Brampton Tennis Club History

Tennis has had a long and interesting history in Brampton. Reports of its popularity as a local recreational sport date back to the 1880’s. The Brampton Tennis Club originated in 1885 as part of the Brampton Amateur Athletic Association. This Association, among other activities, created the first organized tennis courts for the public on the Rosalea Park grounds.

The location of the Club in Brampton changed from time to time during its first half-century or so of existence. However, in 1954 the Club sought assistance from the then Town of Brampton and was granted the use of part of Rosalea Park. And that year, with the creation of four clay courts on land that had been used as a lacrosse pitch, our current location took root. Over the years there have been significant changes such as overhead lighting, a clubhouse, additional clay courts as well as two hard courts, and an automatic sprinkler system.


Photograph: The Brampton Tennis Club in 1912 with the Haggert Foundry at the corner of George Street and Nelson Street in the background. Source: "What’s All the Racquet?" published by the BTC, Eva Andrews editor, 1988, p.41.

Thanks to the efforts of numerous Club members over the years the popularity of tennis has grown in Brampton and our Club has become a significant landmark on the local sports scene.

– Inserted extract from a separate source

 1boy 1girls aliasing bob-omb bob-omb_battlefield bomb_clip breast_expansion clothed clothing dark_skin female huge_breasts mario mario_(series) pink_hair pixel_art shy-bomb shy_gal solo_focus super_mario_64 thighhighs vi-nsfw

Three Club members – Amblo Wilby, Ralph Adsetts and Cecil Stokoe were officially recognized by the City for all their efforts and were inducted into the City of Brampton Sports Hall of Fame. Plaques to commemorate Amblo, Ralph and Cecil can be found in the Clubhouse. Recently, Bruce Carruthers and Bobby Mahal were recognized by the City and their plaques can be seen on our Clubhouse wall.

Over the years hundreds of players have learned the game at the Club through well-designed lessons offered by excellent coaches. And while most simply enjoyed recreational tennis, others with a more competitive nature took their game to a higher level. Some former members of the Brampton Tennis Club have even competed internationally; the best known is Jill Hetherington who played in professional tournaments worldwide including Wimbledon.

Today the Club continues to grow with over 400 members and numerous programs for all ages and interests.

For those interested in more information about the Club’s history, a wonderful book full of interesting facts was published in 1988. “What’s All The Racquet?” was edited by Eva Andrews with contributions from several long-time members. Although currently out-of-print, copies are available at the Brampton library and Region of Peel Archives.


Photograph: "Mrs. Jean (Anderson) Lawson and Alistair Murray on grass court on Jim Cooper’s property" at the corner of Main St. North and Lorne Street. Source: "What’s All the Racquet?", p.6.